Reflections on Art and Life
This essay was originally a part of a scholarly paper I wrote while in graduate school at New York University. The main body of my work consisted of detailed compositional analysis of the first and third movement of Hindemith’s Mathis der Maler symphony (read it by following this link). Here I only include the introduction and conclusion, focusing instead on the timeless message for artists found in Hindemith’s life and work. ~
The genesis of Paul Hindemith’s Symphony Mathis der Maler is not a straightforward one.
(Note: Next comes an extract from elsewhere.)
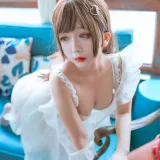日奈娇(椎名莜)《透明围裙（5w福利）》主题写真：35张全套美图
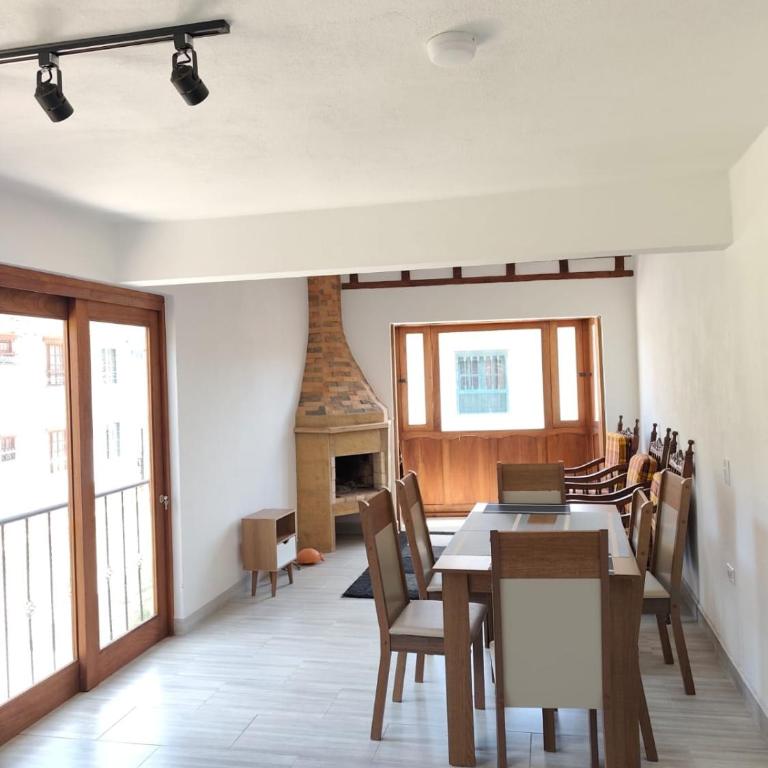 Casa Villa Rosita - Three-Bedroom Apartment - 9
Not only did Hindemith not conceive it as a symphonic work, he was not even interested in its subject proposed to him in 1932 by his publisher friend Willy Strecker and a music writer Franz Willms. Mathis der Maler was to be an opera based on the life of a German Renaissance painter Mathis Nithart (or Gothart), also known as Mathis Grünewald, but Hindemith could not quite picture a painter on the operatic stage and neither could his librettist Gottfried Benn.
The Mathis Grünewald idea was officially shelved and Hindemith’s attention was devoted instead to an opera depicting a love-affair between a French prisoner of war and a German girl entitled Étienne und Luise. But it was not meant to be. As Hitler became the Chancellor of Germany in 1933, it became clear that the pacifism and internationalism of Étienne und Luise were untimely.
Suddenly the idea of exploring the life of a German painter became more appealing, if not safer and prudent. Mathis der Maler opera was to be a temporary strategic move with hopes that Hitler’s regime would soon crumble, but as the Nazis began ostracizing the Jews (among them Hindemith’s wife and brother-in-law) and all who associated with them, the new opera grew to depict a personal struggle of the artist in the face of evil. The character of Mathis Grünewald came to represent the life of Hindemith and his attempt to reconcile the artistic, moral, and social integrity.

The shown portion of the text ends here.